Rising Above_ Dubai Floods and the Fortitude of Dubai International Airport.pdf
Assignment 2 management accounting by Dr. ZackZaki
1. Assignment 2:
What is the different between costs and expenses?
Answer Question 1: Different between Cost and Expenses:
The difference between cost and expense is a considerable one, and yet the
terms are frequently intermingled even in the published works of accounting
authors. This makes the difference extremely difficult to understand for those
people training to be accountants, and who are therefore uncertain about the
nature of the terms.
Cost most closely equates to the term expenditure, so it means that you have
expended resources in order to acquire something, transport it to your location,
and set it up. However, it does not mean that you have consumed the item that
you acquired.

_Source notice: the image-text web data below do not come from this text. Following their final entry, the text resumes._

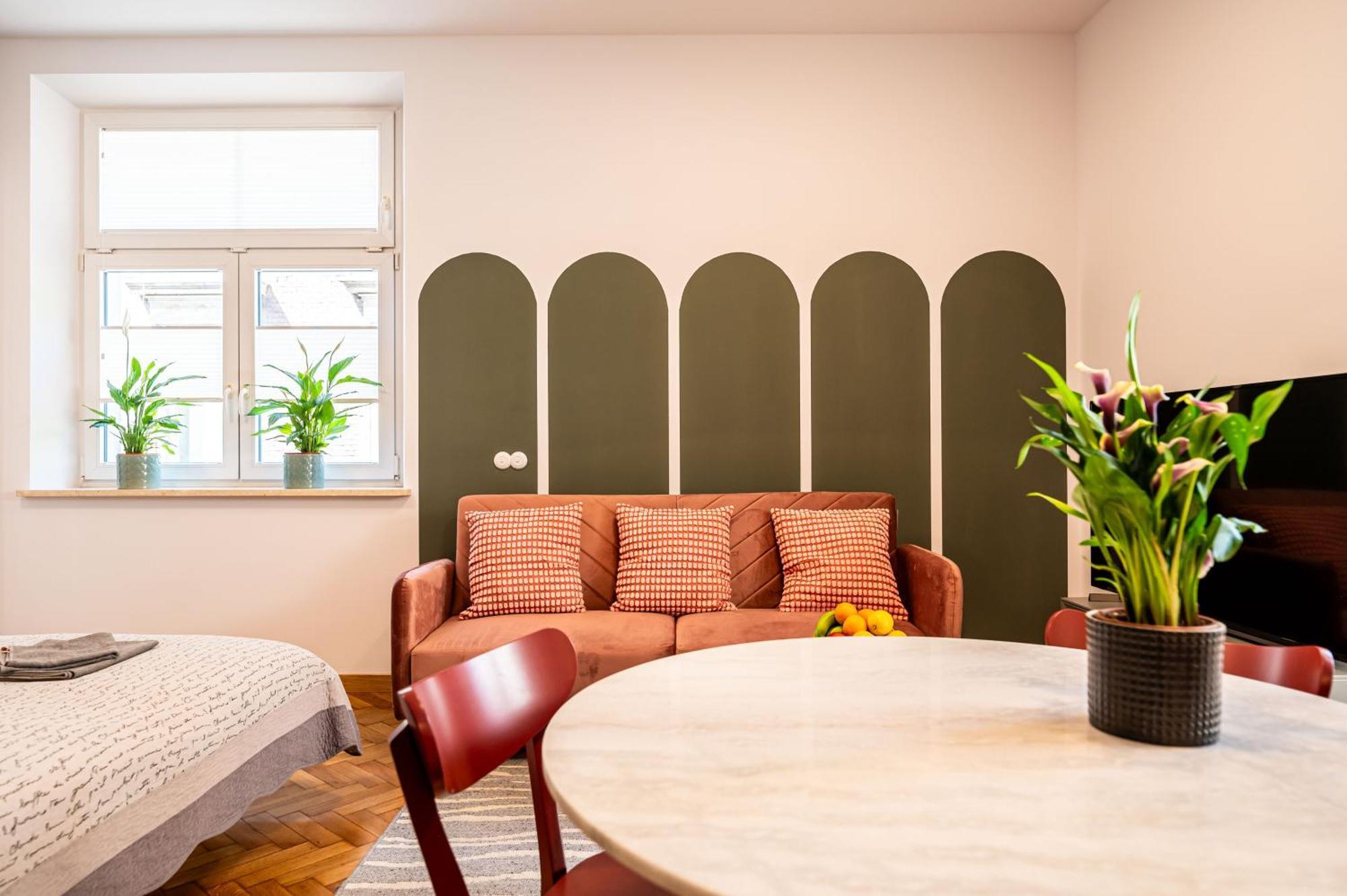 Trip Apartments Kraków Zewnętrze zdjęcie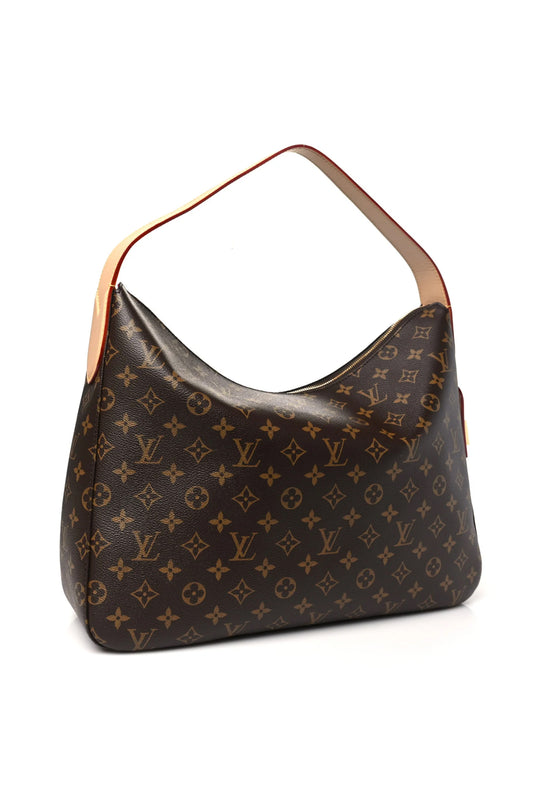 LOUIS VUITTON MONOGRAM SLOUCHY MM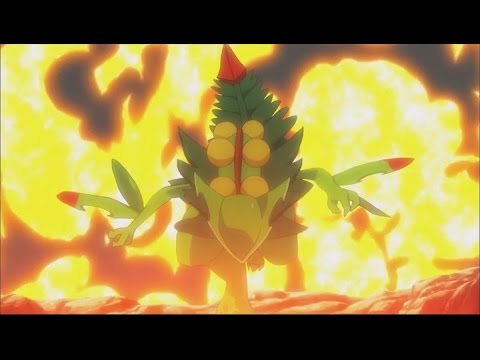 UK: Mega Evolution Pokédex Short - Mega Sceptile - UCFctpiB_Hnlk3ejWfHqSm6Q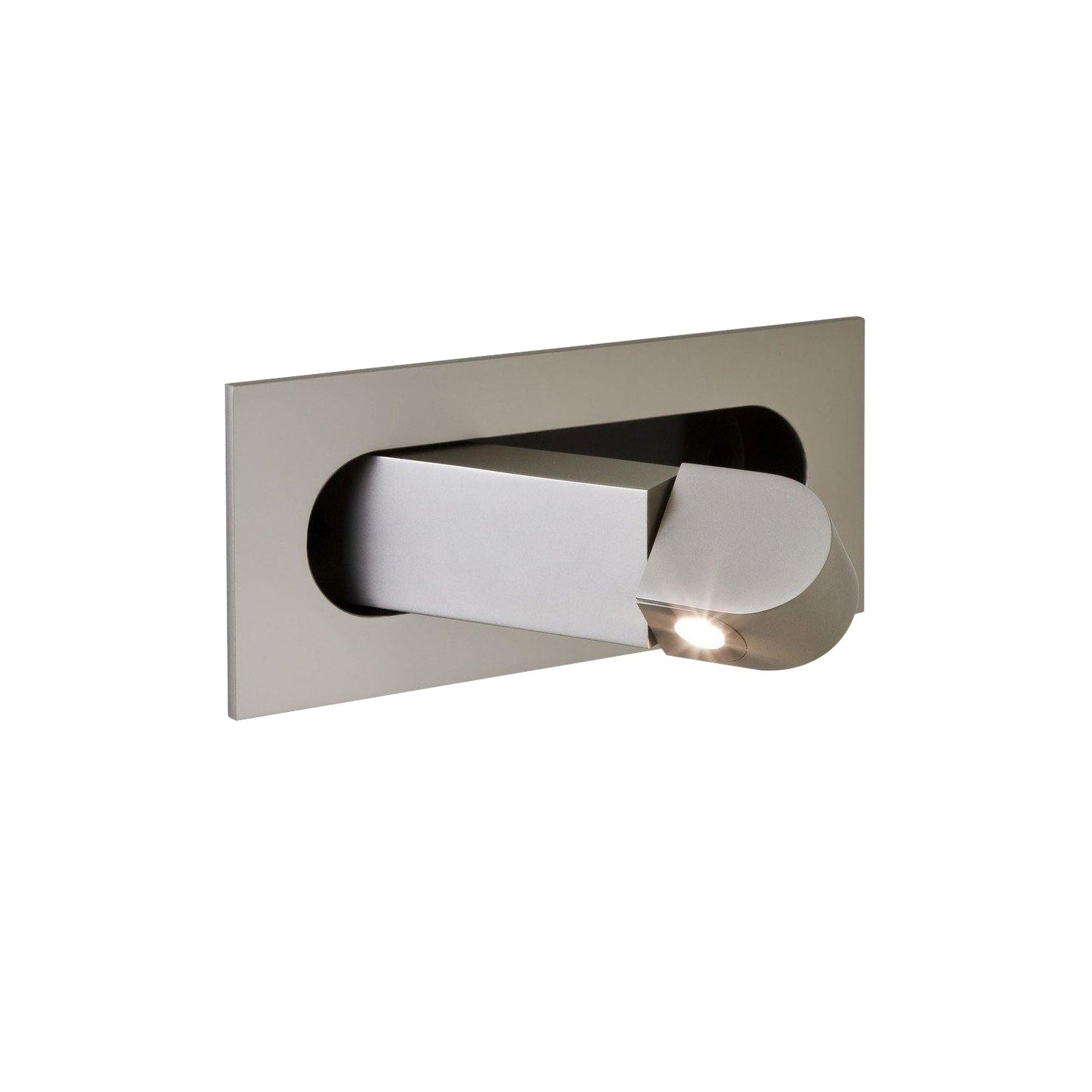 Digit Pivot LED Wall Sconce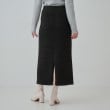 シューラルー(SHOO・LA・RUE/Cutie Blonde)の【セットアップ可】リブ編みの縦ラインですっきり見え ニットナロースカート2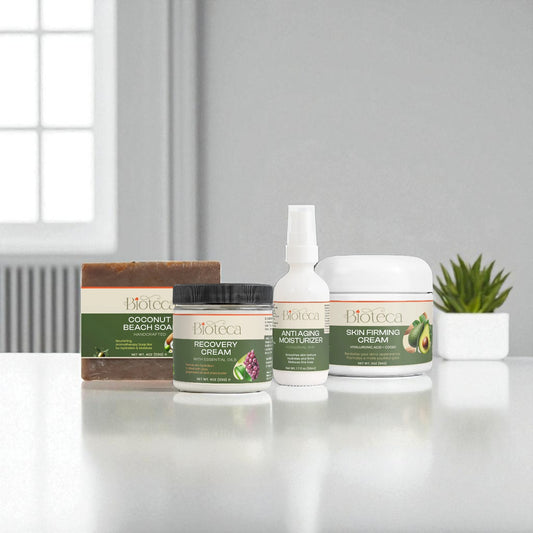 All-in-One Skincare Ritual Bundle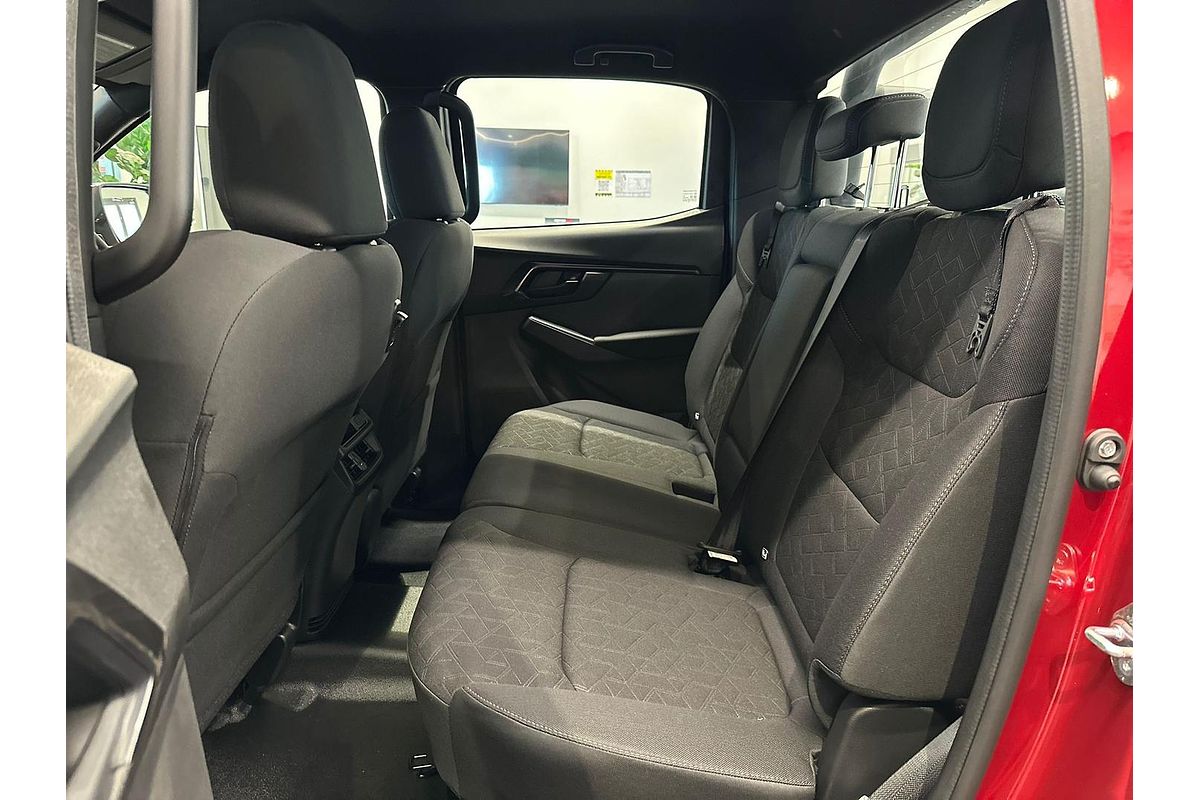 2025 Isuzu D-MAX X-RIDER 4X4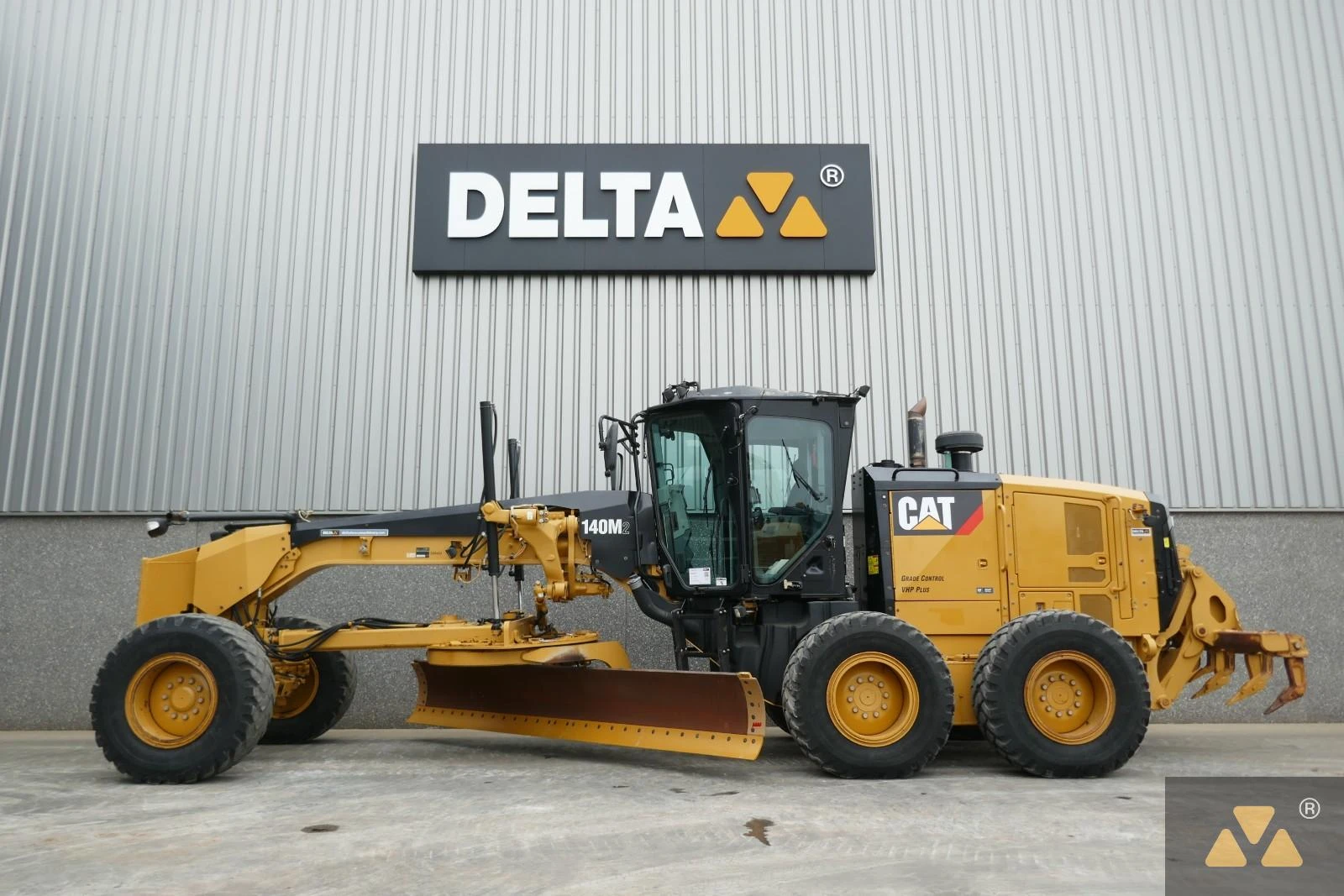 Caterpillar 2015 - 140M2 afbeelding 1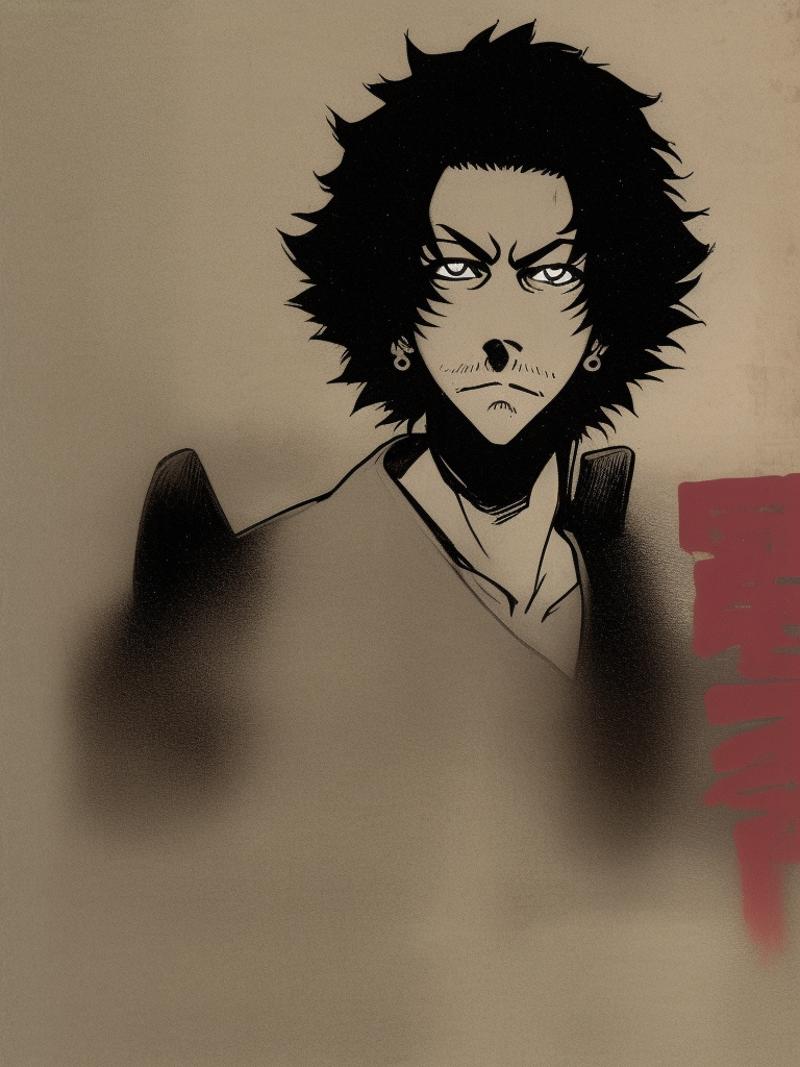 Mugen(Samurai Champloo) image by maka123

Thus, an item for which you have expended resources should be
classified as an asset until it has been consumed. Examples of asset
classifications into which purchased items are recorded are prepaid expenses,
inventory, and fixed assets.
For example, the cost of an automobile may be $40,000 (since that is what you
paid for it) and the cost of a product you built is $25 (because that is the sum
total of the expenditures you made to build it). The cost of the automobile likely
includes sales taxes and a delivery charge, while the cost of the product probably
includes the cost of materials, labor, and manufacturing overhead. In both cases,
you have expended funds to acquire the automobile and the product, but have
not yet consumed either one. Accordingly, the first expenditure is classified as a
fixed asset, while the second one is classified as inventory. Similarly, an advance
paid to an employee is classified as a prepaid expense, if the employee has not
yet worked sufficient hours to earn the payment.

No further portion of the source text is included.